Context window overflow: For papers with long full texts, extract data section-by-section (methods, results, discussion) rather than feeding the entire paper. Summarize each section's extraction, then merge.
Low calibration agreement: If kappa stays below 0.7 after 3 prompt iterations, the inclusion criteria themselves may be ambiguous. Recommend the user revisit and tighten the protocol definitions before continuing LLM-assisted screening.
Batch size degradation: If screening quality drops in larger batches, reduce batch size. Quality typically degrades above 10-15 papers per prompt due to attention dilution.
Limitations
- This approach is designed for structured, criteria-based tasks (screening, extraction, classification). It does not replace human judgment for qualitative synthesis, theory building, or critical appraisal of study quality.
- The LLM cannot access papers behind paywalls. The user must provide the text content (abstracts, excerpts, or full text) as input.
- Prompt engineering effort is front-loaded and substantial. For small reviews (under 50 papers), manual processing may be faster than designing, calibrating, and verifying LLM-assisted processing.
- Hallucination risk is never zero.

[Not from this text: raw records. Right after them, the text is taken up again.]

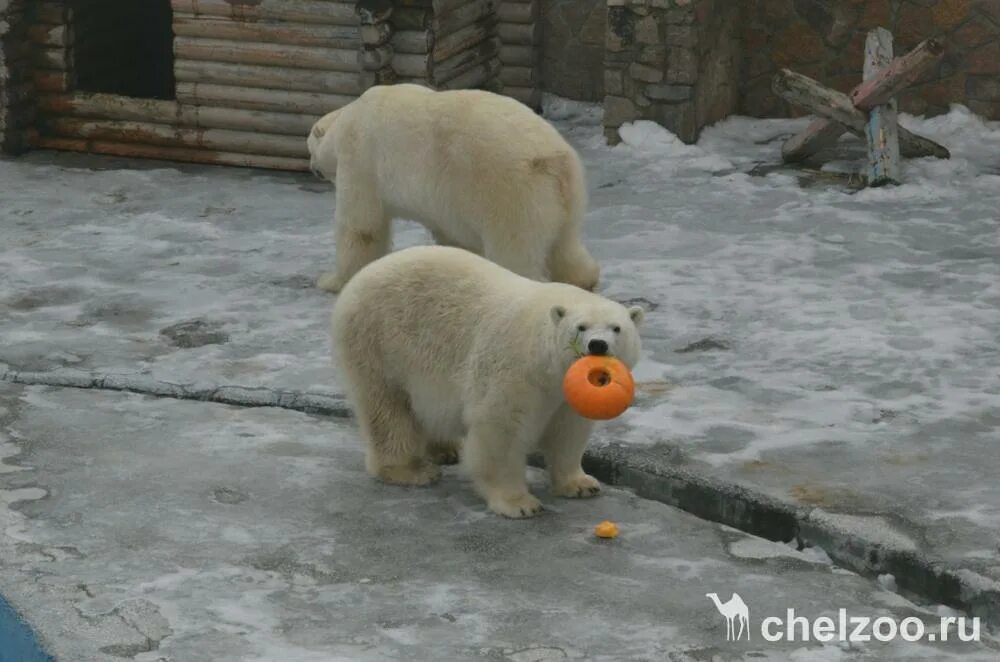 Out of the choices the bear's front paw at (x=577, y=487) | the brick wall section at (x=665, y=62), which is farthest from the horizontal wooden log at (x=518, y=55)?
the bear's front paw at (x=577, y=487)

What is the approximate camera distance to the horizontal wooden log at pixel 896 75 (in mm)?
9156

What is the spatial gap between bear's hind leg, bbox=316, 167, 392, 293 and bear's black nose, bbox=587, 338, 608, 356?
9.22 feet

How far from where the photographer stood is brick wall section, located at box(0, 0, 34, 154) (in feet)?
32.8

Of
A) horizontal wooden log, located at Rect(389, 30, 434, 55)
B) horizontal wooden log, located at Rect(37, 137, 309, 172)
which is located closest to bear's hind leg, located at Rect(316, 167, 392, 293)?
horizontal wooden log, located at Rect(389, 30, 434, 55)

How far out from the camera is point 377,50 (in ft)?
30.8

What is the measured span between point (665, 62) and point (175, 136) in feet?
9.53

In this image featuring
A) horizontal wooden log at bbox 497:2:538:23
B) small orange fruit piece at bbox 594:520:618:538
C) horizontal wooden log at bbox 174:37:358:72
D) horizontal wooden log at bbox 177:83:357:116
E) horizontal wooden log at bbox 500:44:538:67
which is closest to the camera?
small orange fruit piece at bbox 594:520:618:538

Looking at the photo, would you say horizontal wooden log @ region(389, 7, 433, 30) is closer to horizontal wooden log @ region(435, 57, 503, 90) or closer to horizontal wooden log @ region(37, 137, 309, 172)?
horizontal wooden log @ region(435, 57, 503, 90)

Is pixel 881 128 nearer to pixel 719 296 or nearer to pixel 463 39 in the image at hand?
pixel 719 296

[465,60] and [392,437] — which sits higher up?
[465,60]

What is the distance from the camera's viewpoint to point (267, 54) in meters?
9.82

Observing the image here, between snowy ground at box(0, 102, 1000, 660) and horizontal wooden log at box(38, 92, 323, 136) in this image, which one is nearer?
snowy ground at box(0, 102, 1000, 660)

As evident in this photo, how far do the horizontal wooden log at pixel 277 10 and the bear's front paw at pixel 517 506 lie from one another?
4920 millimetres

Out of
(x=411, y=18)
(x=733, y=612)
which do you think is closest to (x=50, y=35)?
(x=411, y=18)
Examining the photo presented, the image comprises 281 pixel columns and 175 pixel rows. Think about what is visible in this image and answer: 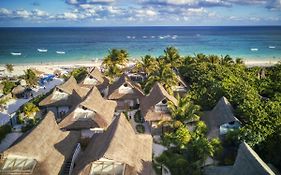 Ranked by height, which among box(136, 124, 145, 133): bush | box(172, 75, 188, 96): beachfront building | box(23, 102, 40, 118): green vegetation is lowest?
box(136, 124, 145, 133): bush

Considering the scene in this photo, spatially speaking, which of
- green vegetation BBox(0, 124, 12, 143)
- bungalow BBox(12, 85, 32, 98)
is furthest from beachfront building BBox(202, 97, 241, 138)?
bungalow BBox(12, 85, 32, 98)

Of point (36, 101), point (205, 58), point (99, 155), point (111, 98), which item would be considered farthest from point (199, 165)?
point (205, 58)

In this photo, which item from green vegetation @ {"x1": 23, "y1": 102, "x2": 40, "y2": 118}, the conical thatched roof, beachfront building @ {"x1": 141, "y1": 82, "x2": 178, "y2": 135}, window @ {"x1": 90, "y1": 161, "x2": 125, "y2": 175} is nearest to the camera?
the conical thatched roof

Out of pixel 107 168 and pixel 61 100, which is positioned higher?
pixel 107 168

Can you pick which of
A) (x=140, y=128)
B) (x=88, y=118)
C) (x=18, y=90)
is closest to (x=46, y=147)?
(x=88, y=118)

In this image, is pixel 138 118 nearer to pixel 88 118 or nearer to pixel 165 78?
pixel 165 78

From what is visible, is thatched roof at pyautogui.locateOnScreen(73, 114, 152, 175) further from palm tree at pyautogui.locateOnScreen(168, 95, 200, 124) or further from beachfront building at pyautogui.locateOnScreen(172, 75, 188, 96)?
beachfront building at pyautogui.locateOnScreen(172, 75, 188, 96) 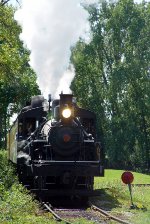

Even with cross-verification protocols, subtle fabrications (e.g., slightly altered numbers) can slip through if the verifier is fatigued or unfamiliar with the domain.
- Reproducibility depends on the LLM's temperature and version. Results may vary across sessions unless temperature is set to 0 and the model version is documented.
Reference
Barros, C. F., Kalinowski, M., Kassab, M., & Graciano Neto, V. V. (2026). On the Use of a Large Language Model to Support the Conduction of a Systematic Mapping Study: A Brief Report from a Practitioner's View. arXiv:2602.10147v1. https://arxiv.org/abs/2602.10147v1
Key takeaway: LLMs achieve the highest value in systematic reviews when deployed as structured assistants for screening/extraction with calibrated prompts and mandatory human verification — not as autonomous reviewers.